Mark Kester, U.Va.’s new nanoSTAR Institute co-director, suggests that “the future of medicine is small; real small. Nanotechnology will revolutionize our ability to seek, image and treat disease.” Presently the use of nano-scale drug formulations are designed for intravenous administration and are not engineered for oral dosing. Kester is developing a nanoplatform oral-delivery insulin that would reduce the number of insulin injections needed by diabetics, reduce side-effects from standard insulin delivery methods and increase patient compliance. He will use his new grant to evaluate the effectiveness and safety of his insulin-ORAL platform and support further commercialization of the technology through Charlottesville start-up company, OraceuTX.

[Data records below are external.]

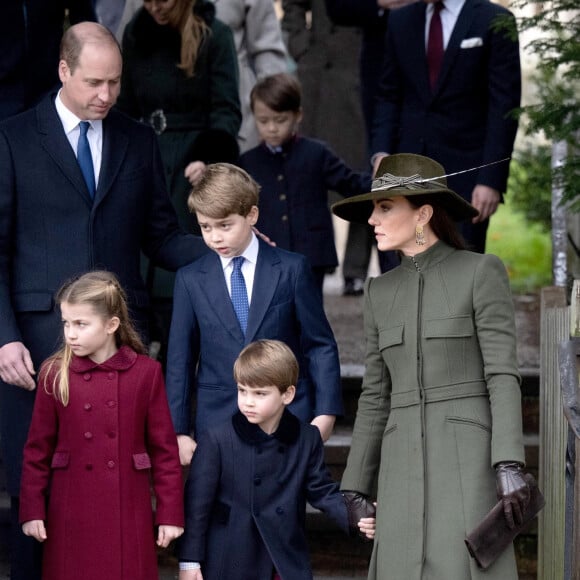 Le prince William, prince de Galles, Catherine (Kate) Middleton, princesse de Galles, le prince George de Galles, la princesse Charlotte de Galles, et le prince Louis de Galles, - La famille royale d'Angleterre assiste au service religieux de Noël à l'église St Mary Magdalene à Sandringham, Norfolk, Royaume Uni, le 25 décembre 2022. 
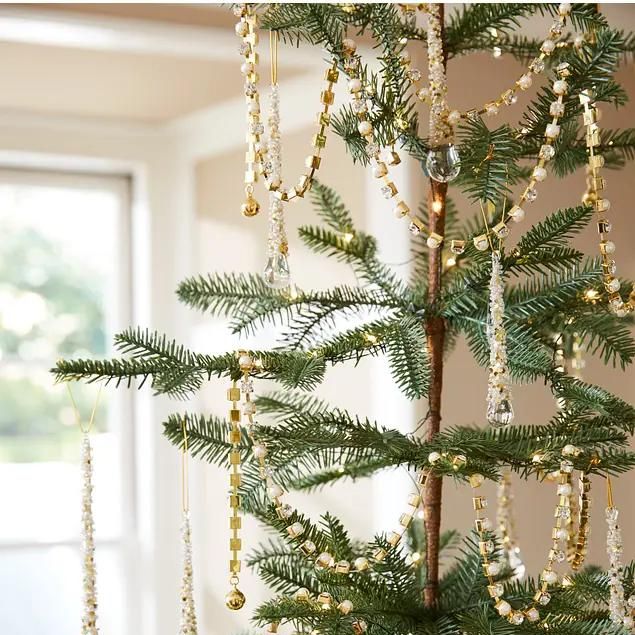 Classic Traditional Christmas Tree - How To Decorate A Christmas Tree With  Beads/Beaded Garland 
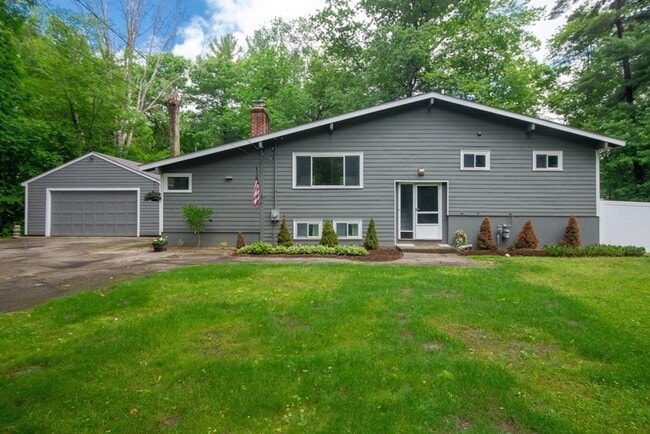 Primary Photo - 54 Blackmer Rd
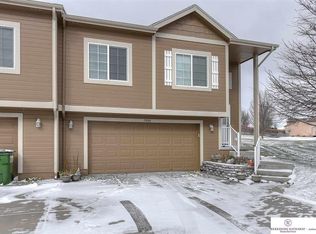 19168 Drexel Cir, Omaha, NE 68135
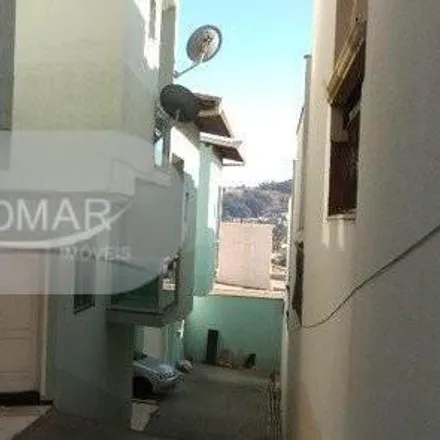 Buy this 3 bed house on Rua Quaresmeiras in Sede, Contagem - MG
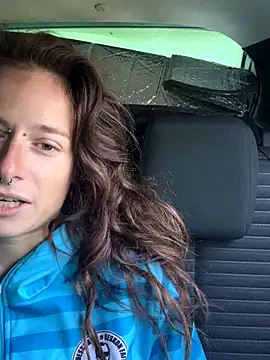 GoldenPussy1329 online show from 10-18-25, 07:20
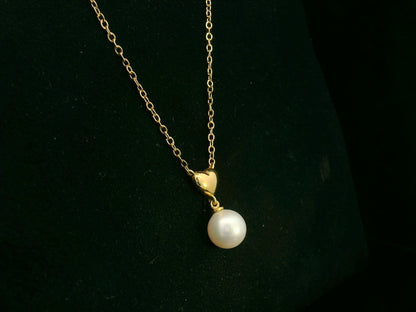 Freshwater pearl pendant necklace in 18K yellow gold, 7.5×8 mm pearl, heart-shaped design — Emirates Diamonds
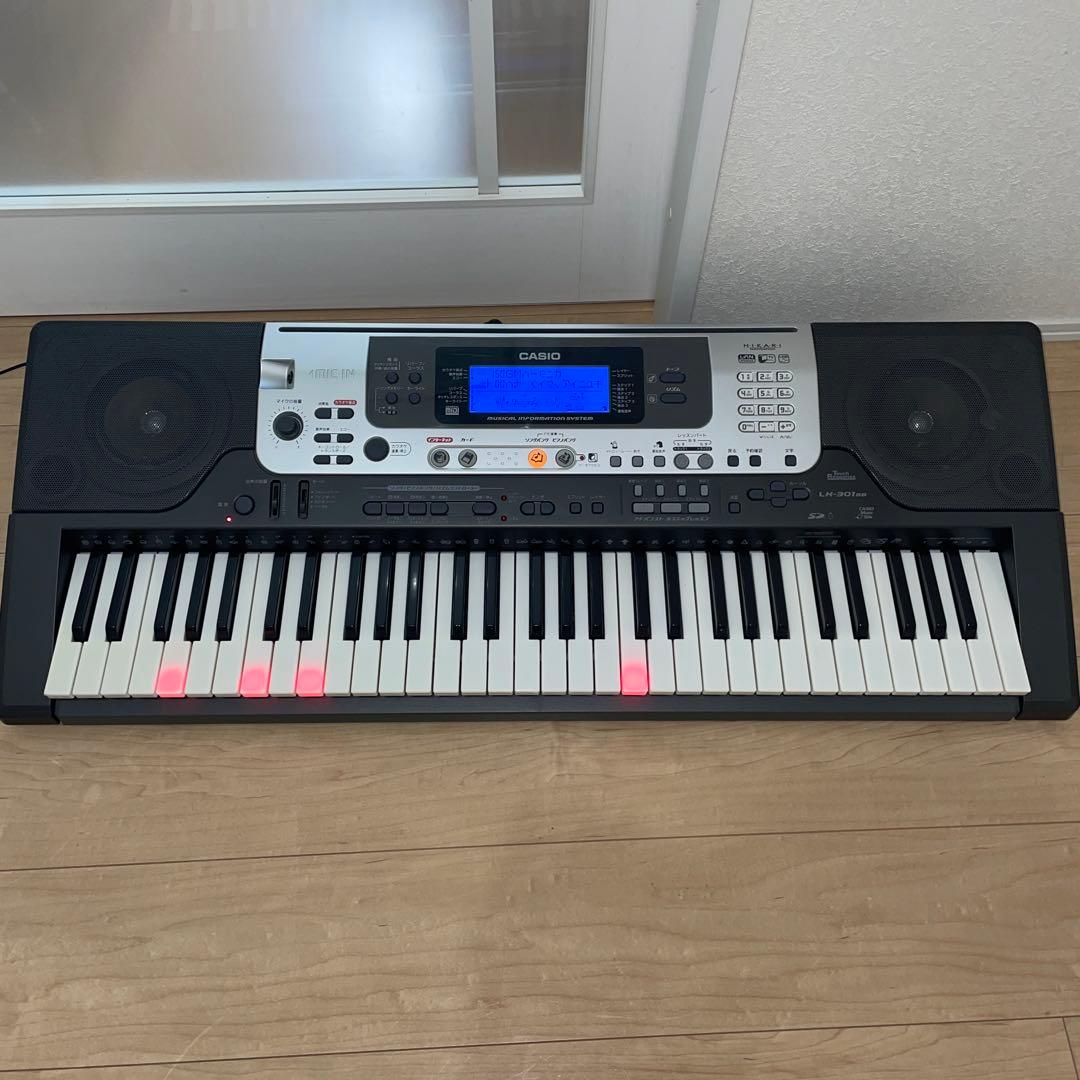 希少上位モデル美品 CASIO LK-301 BB 光ナビゲーション キーボード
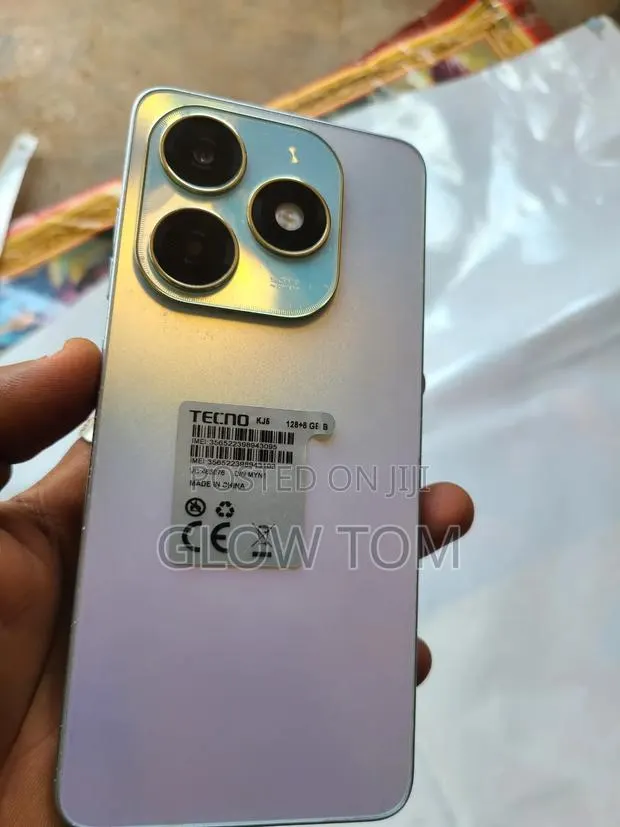 Tecno Spark 20 128 GB Blue · Photo 1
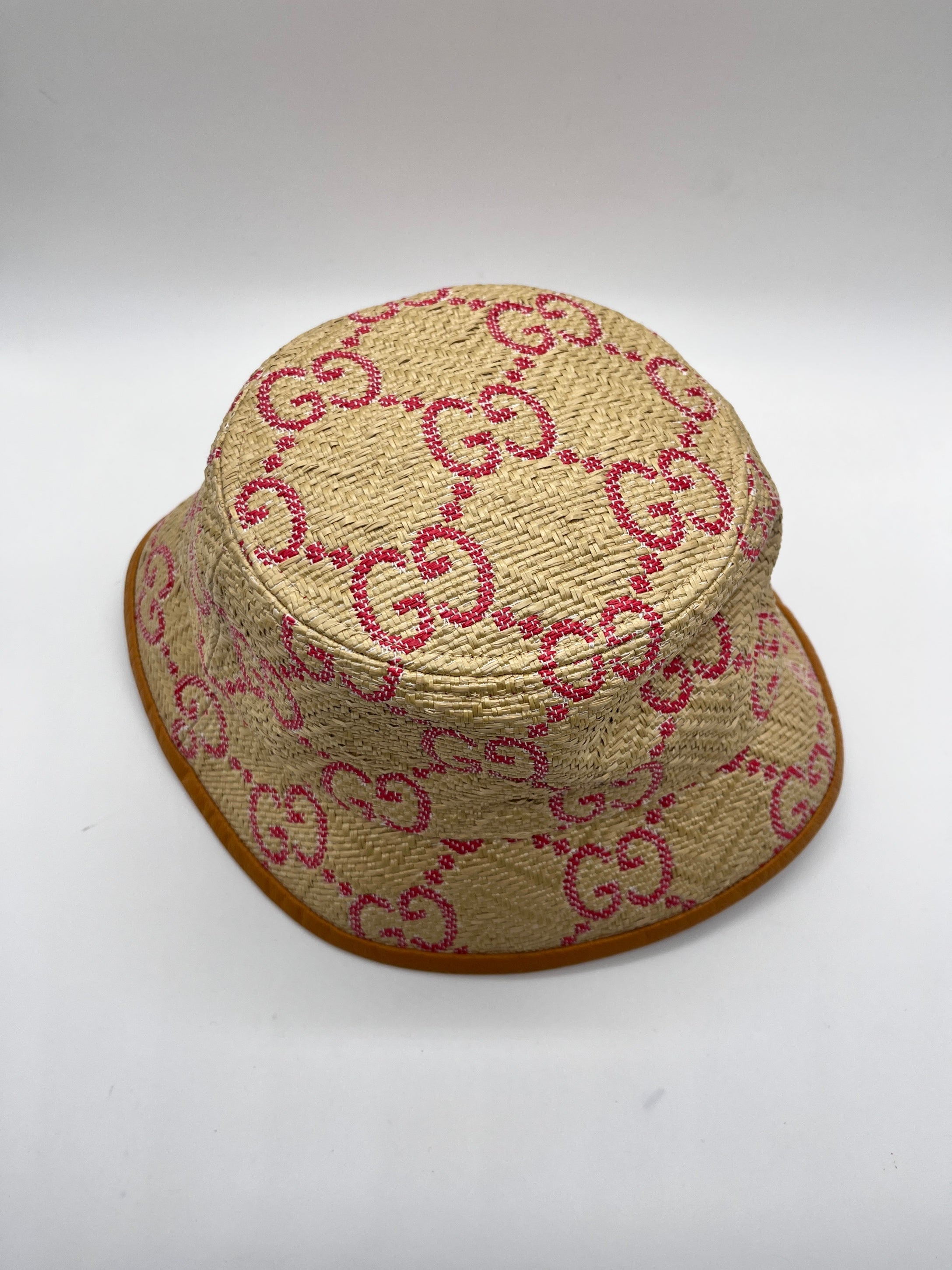 Cappello Bucket Gucci GG raffia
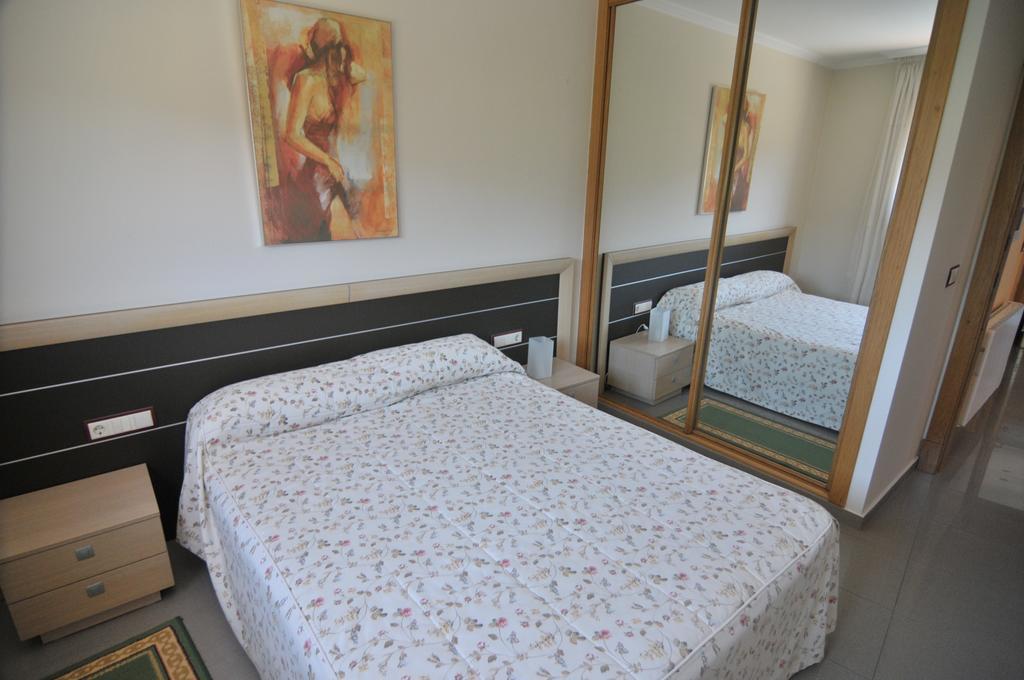 Apartamentos Turisticos Vilagarcia- Rio Ulla Vilagarcia de Arousa Room photo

John Herr’s award is directed at the recruitment of a junior faculty candidate, Dr. Eusebio Pires, whose research has helped unlock a fundamental new insight into the nature of cancers, including lung, breast, pancreas, uterus, ovary and kidney. This insight is that a high percentage of these tumors, when they go awry, begin to express proteins that are normally only found in growing eggs. Dr. Pires is studying a protein called SAS1B. Because of its restricted localization in eggs and tumors SAS1B provides a strategy to selectively target tumor cells without harming healthy normal cells, overcoming undesirable side-effects of contemporary cancer treatments.
U.Va. currently is leading a new field of research called cancer-oocyte antigens. Hiring Pires is critical to maintaining the University’s momentum in this emerging arena of oncology research. Pires will lead an interdisciplinary team of basic and clinical collaborators in OB-GYN oncology, clinical chemistry and pathology to develop diagnostic assays and targeted biological therapeutics that promise to result in precision, personalized medicine for patients with SAS1B positive cancers.
Pires’ research has resulted in the filing of four landmark national and international patent applications. These intellectual properties have resulted in the formation of a new Virginia corporation, Neoantigenics, which is providing matching funds as well as proprietary technologies through a strategic partnership with Pfizer, a leading biopharmaceutical company.